Ainda por cima, esses portugueses iam à cadeia da terra e abriam as portas de par em par, coisa que o 25 de Abril devia ter feito a toda a gente. Muita gente no Mundo é vítima de revoluções, costuma-se dizer, como, por exemplo, às vezes, as cozinheiras são vítimas de golpes quando estão a preparar as batatas. Isso acontece, mas é uma pena que se não tenha tentado, que se não tenha dado a possibilidade de se reaver esse costume dos portugueses antigos de abrir as cadeias.

Mas como é? Soltar aqueles que se consideram criminosos? É evidente que não! Quando, no nosso tempo, se fala em cadeias abertas, refere-se àquelas casas onde o criminoso que o é, por um defeito genético, por culpa do DNA, digamos, ou por culpa das circunstâncias, se posssa reaver a si próprio e possa ser o poeta que tem de ser para si, para os outros e para o Mundo. Então o 25 de Abril ia ao mesmo tempo reparar situações.

O 25 de Abril é uma data para todo o Mundo, porque todo ele está a passar dessa nossa cultura para outra, que levará séculos e séculos a chegar, nem podemos fazer qualquer cálculo. Só ilimitado é o nosso sonho e, ao mesmo tempo, é preciso é que cada homem sonhe plenamente aquilo que lhe parece desejável no Mundo e, simultaneamente, seja capaz de toda a objectividade da matemática, na medida em que esta é ou pode ser objectiva para isto ou aquilo que queremos calcular.

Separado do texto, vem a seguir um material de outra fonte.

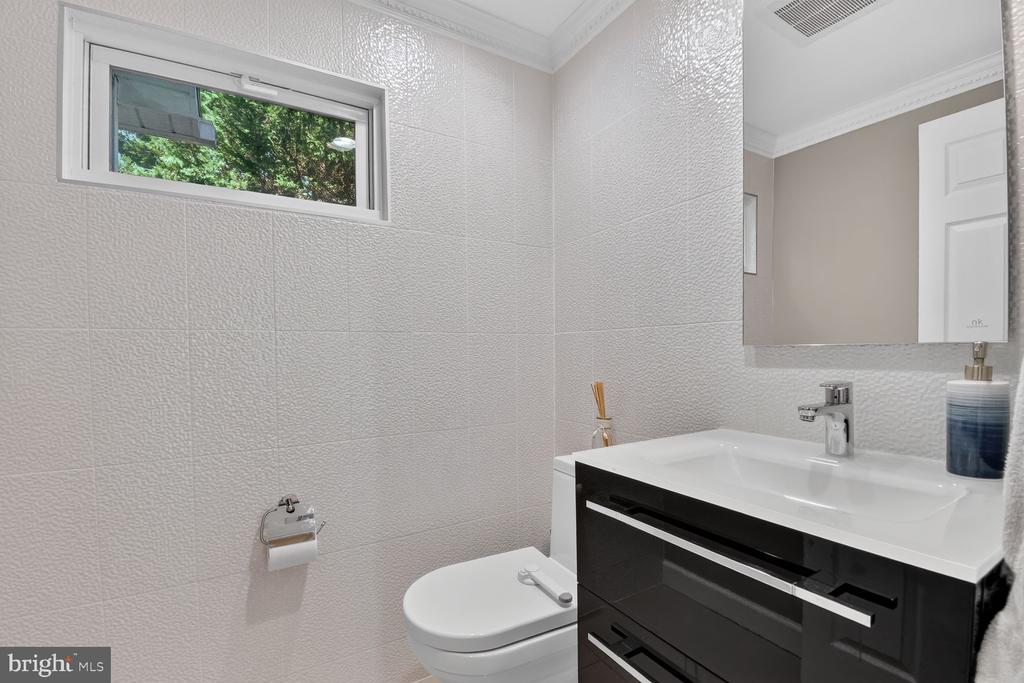 9 RICHVIEW COURT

Por outro lado, essa ligação entre o sonho e a objectividade, a audácia para todo o passo e o cuidado com cada passo, seguindo o exemplo daqueles homens que foram de caravela, milha a milha, légua a légua, ao longo de uma costa, lançando-se ao golfão, passando às terras de ocidente —América do Sul, América do Norte e talvez, segundo parece, à América Central—, e foram, no entanto, olhando isso e navegando sempre com a maior atenção aos instrumentos científicos, àquilo a que se chamava os instrumentos matemáticos, nunca se entregando inteiramente à sua audácia e imaginação, mas levando ao mesmo tempo tudo quanto era preciso de cálculo, de prudência e de gosto de observação, porque nisso se tinha educado, e muito, o Português.

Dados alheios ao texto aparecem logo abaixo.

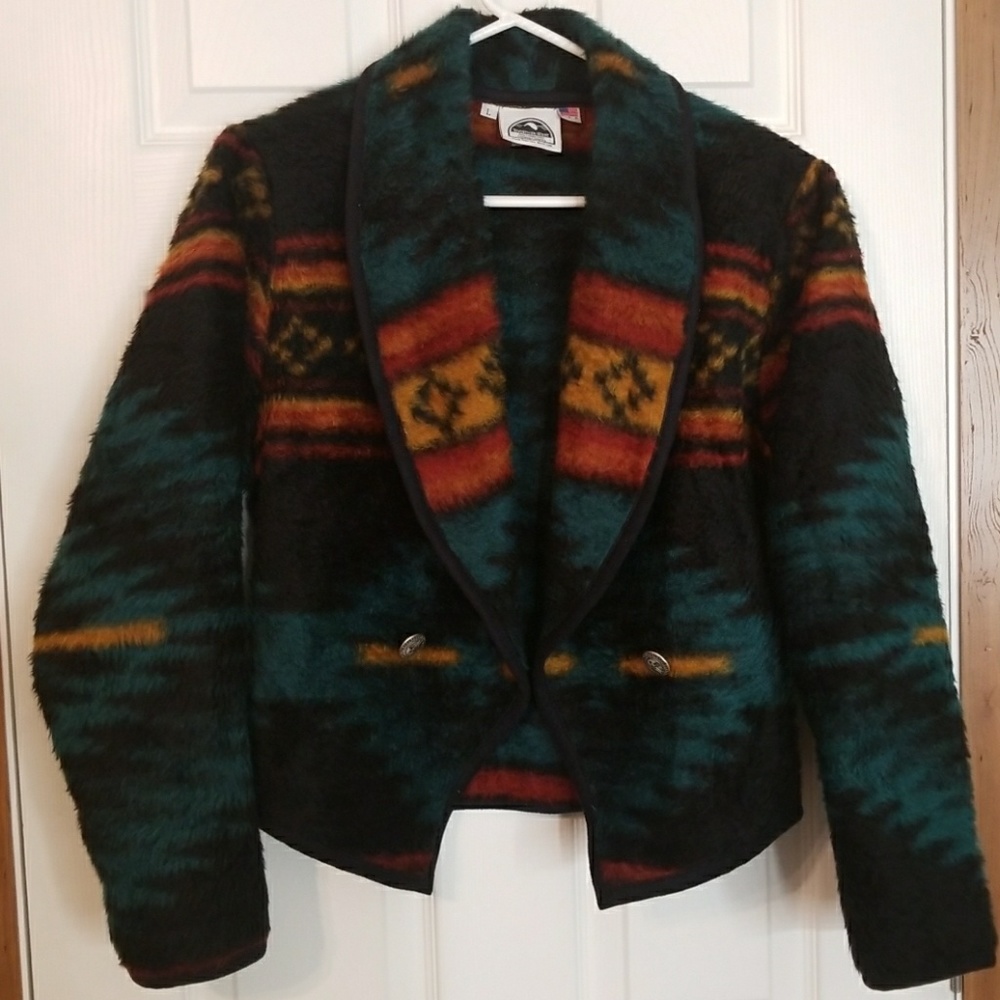 🌵Beautiful cowgirl style Aztec fleece jacket 🌵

Reparem, foram os analfabetos portugueses, porque olhavam o Mundo em cada um dos seus pormenores e o tomavam no seu conjunto, que conseguiram abater o império de Aristóteles; não me refiro à metafísica, mas sim à física de Aristóteles, e fizeram surgir toda a ciência moderna. Se hoje a Europa ou a América são o que são culturalmente, uma vontade no produtivo Japão, se toda essa gente se lançou nisso, se lançou a esse trabalho de, ao mesmo tempo, ter um sonho e objectividade, é isso o que se tem de fazer para que o mundo futuro possa sorrir.

De nós todos, que somos os mais antigos do planeta, certamente também, porque temos experiência de alguma coisa que foi importante, temos experiência de períodos que se passaram em Portugal. O 25 de Abril terminou —e também para todo o Mundo— com alguma coisa que era dispensável no Mundo.

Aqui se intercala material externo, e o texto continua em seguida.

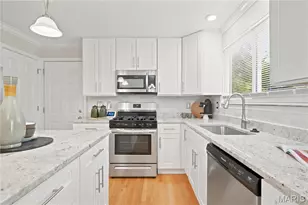 12047 Tangletree Dr, Maryland Heights, MO 63146 - Photo 17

Sei pouco de história, mas sei ainda menos do que se passa no interior da história. Como é a máquina da história? Quando condenamos tal ou tal acontecimento, sabemos se ele foi ou não produtivo, mas não sabemos, na realidade, o porquê nem o para quê. Então o que apenas podemos dizer é que Portugal passou por um período explicável, talvez. Talvez! O período a que chamamos a ditadura e que termina exactamente a 25 de Abril talvez ele venha na altura em que o príncipe D. João embarca para o Brasil e o único remédio para as pessoas que pensavam mais longe, que estavam mais dentro do futuro do que a maioria dos habitantes de Portugal, foi embarcar com ele e irem fazer no Rio de Janeiro, em São Paulo ou na Baía aquilo que não tinham podido realizar em Portuga).